> **Supplied material**
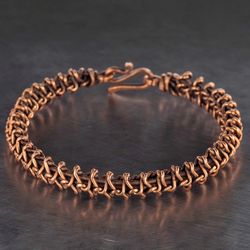 Unique wire wrapped pure copper bracelet / Antique style artisan copper jewelry / 7th Anniversary gift for her or him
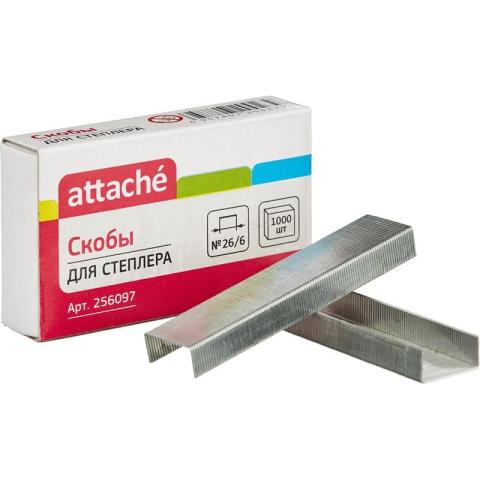 Скобы для степлера № 26/6, 1000шт, Attache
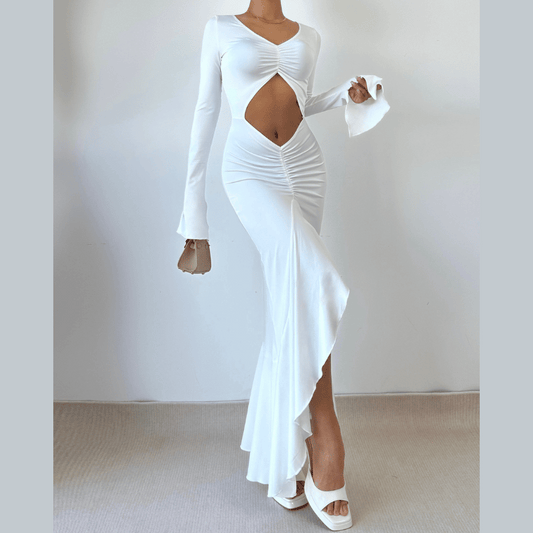 Long sleeve hollow out ruched v neck cut out maxi dress  | Festival Outfits Women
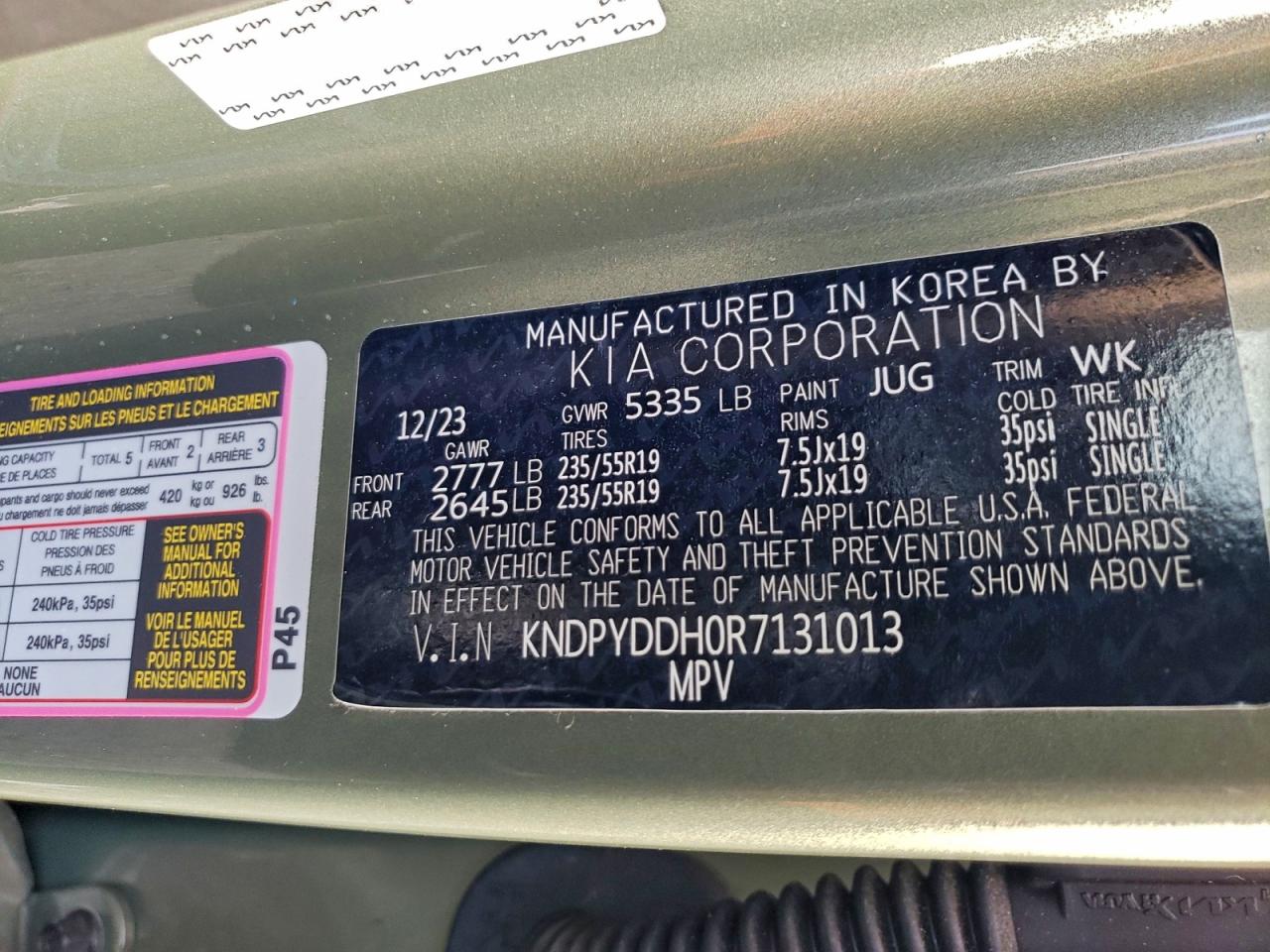 2024 Kia Sportage X Line VIN: KNDPYDDH0R7131013 Lot: 94137235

> **Work instructions**
Beginning with the line that contains "Long sleeve hollow", write out the remaining lines of the listing above through the last, exactly and only those, without pictures.

> **Worked solution**
 Long sleeve hollow out ruched v neck cut out maxi dress  | Festival Outfits Women
 2024 Kia Sportage X Line VIN: KNDPYDDH0R7131013 Lot: 94137235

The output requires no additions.